Assignment »
Write each entry down again precisely, skipping nothing.

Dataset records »
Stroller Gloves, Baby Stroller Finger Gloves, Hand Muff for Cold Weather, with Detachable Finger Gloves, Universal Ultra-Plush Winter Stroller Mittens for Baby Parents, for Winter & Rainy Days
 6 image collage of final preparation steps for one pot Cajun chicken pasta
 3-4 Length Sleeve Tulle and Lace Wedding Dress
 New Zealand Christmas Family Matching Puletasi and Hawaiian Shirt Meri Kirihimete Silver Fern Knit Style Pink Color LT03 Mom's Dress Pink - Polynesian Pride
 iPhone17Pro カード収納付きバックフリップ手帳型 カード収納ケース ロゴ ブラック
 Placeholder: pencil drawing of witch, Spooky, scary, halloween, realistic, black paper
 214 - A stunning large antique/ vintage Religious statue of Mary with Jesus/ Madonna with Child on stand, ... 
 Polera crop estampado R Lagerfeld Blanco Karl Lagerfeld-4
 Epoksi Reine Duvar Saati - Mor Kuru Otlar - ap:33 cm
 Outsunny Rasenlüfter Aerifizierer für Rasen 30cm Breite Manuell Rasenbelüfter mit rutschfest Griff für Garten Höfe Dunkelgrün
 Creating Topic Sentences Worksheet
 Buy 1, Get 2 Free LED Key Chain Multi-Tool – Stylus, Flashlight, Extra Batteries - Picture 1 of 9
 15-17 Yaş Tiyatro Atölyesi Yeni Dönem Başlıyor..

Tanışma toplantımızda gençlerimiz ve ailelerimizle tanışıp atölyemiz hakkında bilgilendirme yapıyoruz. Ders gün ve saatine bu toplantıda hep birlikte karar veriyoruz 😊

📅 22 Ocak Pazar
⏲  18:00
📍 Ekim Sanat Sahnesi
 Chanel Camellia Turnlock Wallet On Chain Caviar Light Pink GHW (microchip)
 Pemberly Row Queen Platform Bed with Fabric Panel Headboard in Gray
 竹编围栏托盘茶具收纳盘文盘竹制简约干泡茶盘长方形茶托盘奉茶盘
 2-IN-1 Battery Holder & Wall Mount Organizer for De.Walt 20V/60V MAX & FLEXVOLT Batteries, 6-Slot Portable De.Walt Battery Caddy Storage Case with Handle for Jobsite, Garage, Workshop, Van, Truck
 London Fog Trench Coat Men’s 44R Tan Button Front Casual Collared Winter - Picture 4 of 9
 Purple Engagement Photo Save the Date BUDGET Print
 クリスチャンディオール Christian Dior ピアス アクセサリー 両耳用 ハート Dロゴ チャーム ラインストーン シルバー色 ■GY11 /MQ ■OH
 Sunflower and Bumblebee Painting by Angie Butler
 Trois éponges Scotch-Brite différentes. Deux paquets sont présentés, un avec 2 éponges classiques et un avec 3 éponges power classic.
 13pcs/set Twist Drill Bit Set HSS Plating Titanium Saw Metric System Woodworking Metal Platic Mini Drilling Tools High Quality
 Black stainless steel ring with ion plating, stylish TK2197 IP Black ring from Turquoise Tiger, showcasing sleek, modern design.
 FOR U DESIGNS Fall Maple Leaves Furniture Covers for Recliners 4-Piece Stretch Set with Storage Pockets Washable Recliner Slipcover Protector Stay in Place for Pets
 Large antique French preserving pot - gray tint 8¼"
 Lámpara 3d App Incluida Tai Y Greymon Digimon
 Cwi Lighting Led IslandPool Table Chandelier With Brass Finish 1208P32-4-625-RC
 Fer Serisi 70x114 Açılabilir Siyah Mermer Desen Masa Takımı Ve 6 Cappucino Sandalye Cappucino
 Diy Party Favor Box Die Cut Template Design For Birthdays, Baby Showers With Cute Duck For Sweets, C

Written answer »
Stroller Gloves, Baby Stroller Finger Gloves, Hand Muff for Cold Weather, with Detachable Finger Gloves, Universal Ultra-Plush Winter Stroller Mittens for Baby Parents, for Winter & Rainy Days
 6 image collage of final preparation steps for one pot Cajun chicken pasta
 3-4 Length Sleeve Tulle and Lace Wedding Dress
 New Zealand Christmas Family Matching Puletasi and Hawaiian Shirt Meri Kirihimete Silver Fern Knit Style Pink Color LT03 Mom's Dress Pink - Polynesian Pride
 iPhone17Pro カード収納付きバックフリップ手帳型 カード収納ケース ロゴ ブラック
 Placeholder: pencil drawing of witch, Spooky, scary, halloween, realistic, black paper
 214 - A stunning large antique/ vintage Religious statue of Mary with Jesus/ Madonna with Child on stand, ... 
 Polera crop estampado R Lagerfeld Blanco Karl Lagerfeld-4
 Epoksi Reine Duvar Saati - Mor Kuru Otlar - ap:33 cm
 Outsunny Rasenlüfter Aerifizierer für Rasen 30cm Breite Manuell Rasenbelüfter mit rutschfest Griff für Garten Höfe Dunkelgrün
 Creating Topic Sentences Worksheet
 Buy 1, Get 2 Free LED Key Chain Multi-Tool – Stylus, Flashlight, Extra Batteries - Picture 1 of 9
 15-17 Yaş Tiyatro Atölyesi Yeni Dönem Başlıyor..

Tanışma toplantımızda gençlerimiz ve ailelerimizle tanışıp atölyemiz hakkında bilgilendirme yapıyoruz. Ders gün ve saatine bu toplantıda hep birlikte karar veriyoruz 😊

📅 22 Ocak Pazar
⏲  18:00
📍 Ekim Sanat Sahnesi
 Chanel Camellia Turnlock Wallet On Chain Caviar Light Pink GHW (microchip)
 Pemberly Row Queen Platform Bed with Fabric Panel Headboard in Gray
 竹编围栏托盘茶具收纳盘文盘竹制简约干泡茶盘长方形茶托盘奉茶盘
 2-IN-1 Battery Holder & Wall Mount Organizer for De.Walt 20V/60V MAX & FLEXVOLT Batteries, 6-Slot Portable De.Walt Battery Caddy Storage Case with Handle for Jobsite, Garage, Workshop, Van, Truck
 London Fog Trench Coat Men’s 44R Tan Button Front Casual Collared Winter - Picture 4 of 9
 Purple Engagement Photo Save the Date BUDGET Print
 クリスチャンディオール Christian Dior ピアス アクセサリー 両耳用 ハート Dロゴ チャーム ラインストーン シルバー色 ■GY11 /MQ ■OH
 Sunflower and Bumblebee Painting by Angie Butler
 Trois éponges Scotch-Brite différentes. Deux paquets sont présentés, un avec 2 éponges classiques et un avec 3 éponges power classic.
 13pcs/set Twist Drill Bit Set HSS Plating Titanium Saw Metric System Woodworking Metal Platic Mini Drilling Tools High Quality
 Black stainless steel ring with ion plating, stylish TK2197 IP Black ring from Turquoise Tiger, showcasing sleek, modern design.
 FOR U DESIGNS Fall Maple Leaves Furniture Covers for Recliners 4-Piece Stretch Set with Storage Pockets Washable Recliner Slipcover Protector Stay in Place for Pets
 Large antique French preserving pot - gray tint 8¼"
 Lámpara 3d App Incluida Tai Y Greymon Digimon
 Cwi Lighting Led IslandPool Table Chandelier With Brass Finish 1208P32-4-625-RC
 Fer Serisi 70x114 Açılabilir Siyah Mermer Desen Masa Takımı Ve 6 Cappucino Sandalye Cappucino
 Diy Party Favor Box Die Cut Template Design For Birthdays, Baby Showers With Cute Duck For Sweets, C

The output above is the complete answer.